▶ _Data to use_:
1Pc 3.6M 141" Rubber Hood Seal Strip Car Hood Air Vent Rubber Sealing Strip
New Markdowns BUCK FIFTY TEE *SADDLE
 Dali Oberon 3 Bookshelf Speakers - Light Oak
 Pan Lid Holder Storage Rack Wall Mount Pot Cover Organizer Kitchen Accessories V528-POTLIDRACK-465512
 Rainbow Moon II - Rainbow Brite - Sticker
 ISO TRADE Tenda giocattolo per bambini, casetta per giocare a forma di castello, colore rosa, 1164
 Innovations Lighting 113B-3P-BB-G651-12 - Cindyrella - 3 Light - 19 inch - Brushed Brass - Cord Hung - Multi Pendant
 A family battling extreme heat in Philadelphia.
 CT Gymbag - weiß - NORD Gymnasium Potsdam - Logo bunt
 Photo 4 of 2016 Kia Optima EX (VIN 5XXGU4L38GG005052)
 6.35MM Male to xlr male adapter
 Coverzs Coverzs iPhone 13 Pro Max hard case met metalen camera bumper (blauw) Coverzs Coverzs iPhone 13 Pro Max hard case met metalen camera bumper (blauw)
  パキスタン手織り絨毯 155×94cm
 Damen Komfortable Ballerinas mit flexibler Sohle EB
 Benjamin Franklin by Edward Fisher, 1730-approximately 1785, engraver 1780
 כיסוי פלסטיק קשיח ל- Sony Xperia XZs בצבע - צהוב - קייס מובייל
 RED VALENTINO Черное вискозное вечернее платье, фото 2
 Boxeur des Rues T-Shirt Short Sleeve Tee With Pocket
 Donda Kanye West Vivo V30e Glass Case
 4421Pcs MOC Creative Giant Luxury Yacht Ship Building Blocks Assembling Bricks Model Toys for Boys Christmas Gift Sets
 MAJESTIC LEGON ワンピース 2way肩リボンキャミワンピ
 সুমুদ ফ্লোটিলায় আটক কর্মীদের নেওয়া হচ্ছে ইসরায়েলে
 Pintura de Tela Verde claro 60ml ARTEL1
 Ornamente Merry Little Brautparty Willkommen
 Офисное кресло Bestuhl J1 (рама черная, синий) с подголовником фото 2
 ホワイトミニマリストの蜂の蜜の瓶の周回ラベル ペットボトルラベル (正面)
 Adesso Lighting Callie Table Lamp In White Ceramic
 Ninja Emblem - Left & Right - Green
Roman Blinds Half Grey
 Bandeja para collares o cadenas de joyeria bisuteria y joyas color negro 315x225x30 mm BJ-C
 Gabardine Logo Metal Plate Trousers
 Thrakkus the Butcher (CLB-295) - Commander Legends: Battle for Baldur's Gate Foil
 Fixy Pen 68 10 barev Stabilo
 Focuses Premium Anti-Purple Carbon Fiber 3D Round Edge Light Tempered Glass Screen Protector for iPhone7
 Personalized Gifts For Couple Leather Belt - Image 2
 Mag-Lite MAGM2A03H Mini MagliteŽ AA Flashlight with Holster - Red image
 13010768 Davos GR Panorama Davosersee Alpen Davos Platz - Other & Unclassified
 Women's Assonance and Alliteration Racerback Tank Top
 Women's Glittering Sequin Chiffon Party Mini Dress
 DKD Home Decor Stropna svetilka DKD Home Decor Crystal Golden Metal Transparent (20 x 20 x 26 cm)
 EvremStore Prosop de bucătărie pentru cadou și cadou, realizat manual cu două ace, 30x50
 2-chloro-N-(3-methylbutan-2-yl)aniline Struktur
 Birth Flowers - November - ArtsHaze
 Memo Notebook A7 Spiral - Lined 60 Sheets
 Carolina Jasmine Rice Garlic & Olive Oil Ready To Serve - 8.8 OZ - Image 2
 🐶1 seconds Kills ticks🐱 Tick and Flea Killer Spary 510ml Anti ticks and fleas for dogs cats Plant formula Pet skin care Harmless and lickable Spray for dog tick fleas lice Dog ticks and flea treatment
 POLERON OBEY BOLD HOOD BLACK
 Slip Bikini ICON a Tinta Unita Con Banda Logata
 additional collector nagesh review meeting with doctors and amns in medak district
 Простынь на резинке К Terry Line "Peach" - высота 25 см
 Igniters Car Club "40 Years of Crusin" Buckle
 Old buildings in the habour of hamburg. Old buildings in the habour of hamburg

▶ _Instructions for the task_: Return the material above in full, exactly as written.

▶ _Answer to this task_:
1Pc 3.6M 141" Rubber Hood Seal Strip Car Hood Air Vent Rubber Sealing Strip
New Markdowns BUCK FIFTY TEE *SADDLE
 Dali Oberon 3 Bookshelf Speakers - Light Oak
 Pan Lid Holder Storage Rack Wall Mount Pot Cover Organizer Kitchen Accessories V528-POTLIDRACK-465512
 Rainbow Moon II - Rainbow Brite - Sticker
 ISO TRADE Tenda giocattolo per bambini, casetta per giocare a forma di castello, colore rosa, 1164
 Innovations Lighting 113B-3P-BB-G651-12 - Cindyrella - 3 Light - 19 inch - Brushed Brass - Cord Hung - Multi Pendant
 A family battling extreme heat in Philadelphia.
 CT Gymbag - weiß - NORD Gymnasium Potsdam - Logo bunt
 Photo 4 of 2016 Kia Optima EX (VIN 5XXGU4L38GG005052)
 6.35MM Male to xlr male adapter
 Coverzs Coverzs iPhone 13 Pro Max hard case met metalen camera bumper (blauw) Coverzs Coverzs iPhone 13 Pro Max hard case met metalen camera bumper (blauw)
  パキスタン手織り絨毯 155×94cm
 Damen Komfortable Ballerinas mit flexibler Sohle EB
 Benjamin Franklin by Edward Fisher, 1730-approximately 1785, engraver 1780
 כיסוי פלסטיק קשיח ל- Sony Xperia XZs בצבע - צהוב - קייס מובייל
 RED VALENTINO Черное вискозное вечернее платье, фото 2
 Boxeur des Rues T-Shirt Short Sleeve Tee With Pocket
 Donda Kanye West Vivo V30e Glass Case
 4421Pcs MOC Creative Giant Luxury Yacht Ship Building Blocks Assembling Bricks Model Toys for Boys Christmas Gift Sets
 MAJESTIC LEGON ワンピース 2way肩リボンキャミワンピ
 সুমুদ ফ্লোটিলায় আটক কর্মীদের নেওয়া হচ্ছে ইসরায়েলে
 Pintura de Tela Verde claro 60ml ARTEL1
 Ornamente Merry Little Brautparty Willkommen
 Офисное кресло Bestuhl J1 (рама черная, синий) с подголовником фото 2
 ホワイトミニマリストの蜂の蜜の瓶の周回ラベル ペットボトルラベル (正面)
 Adesso Lighting Callie Table Lamp In White Ceramic
 Ninja Emblem - Left & Right - Green
Roman Blinds Half Grey
 Bandeja para collares o cadenas de joyeria bisuteria y joyas color negro 315x225x30 mm BJ-C
 Gabardine Logo Metal Plate Trousers
 Thrakkus the Butcher (CLB-295) - Commander Legends: Battle for Baldur's Gate Foil
 Fixy Pen 68 10 barev Stabilo
 Focuses Premium Anti-Purple Carbon Fiber 3D Round Edge Light Tempered Glass Screen Protector for iPhone7
 Personalized Gifts For Couple Leather Belt - Image 2
 Mag-Lite MAGM2A03H Mini MagliteŽ AA Flashlight with Holster - Red image
 13010768 Davos GR Panorama Davosersee Alpen Davos Platz - Other & Unclassified
 Women's Assonance and Alliteration Racerback Tank Top
 Women's Glittering Sequin Chiffon Party Mini Dress
 DKD Home Decor Stropna svetilka DKD Home Decor Crystal Golden Metal Transparent (20 x 20 x 26 cm)
 EvremStore Prosop de bucătărie pentru cadou și cadou, realizat manual cu două ace, 30x50
 2-chloro-N-(3-methylbutan-2-yl)aniline Struktur
 Birth Flowers - November - ArtsHaze
 Memo Notebook A7 Spiral - Lined 60 Sheets
 Carolina Jasmine Rice Garlic & Olive Oil Ready To Serve - 8.8 OZ - Image 2
 🐶1 seconds Kills ticks🐱 Tick and Flea Killer Spary 510ml Anti ticks and fleas for dogs cats Plant formula Pet skin care Harmless and lickable Spray for dog tick fleas lice Dog ticks and flea treatment
 POLERON OBEY BOLD HOOD BLACK
 Slip Bikini ICON a Tinta Unita Con Banda Logata
 additional collector nagesh review meeting with doctors and amns in medak district
 Простынь на резинке К Terry Line "Peach" - высота 25 см
 Igniters Car Club "40 Years of Crusin" Buckle
 Old buildings in the habour of hamburg. Old buildings in the habour of hamburg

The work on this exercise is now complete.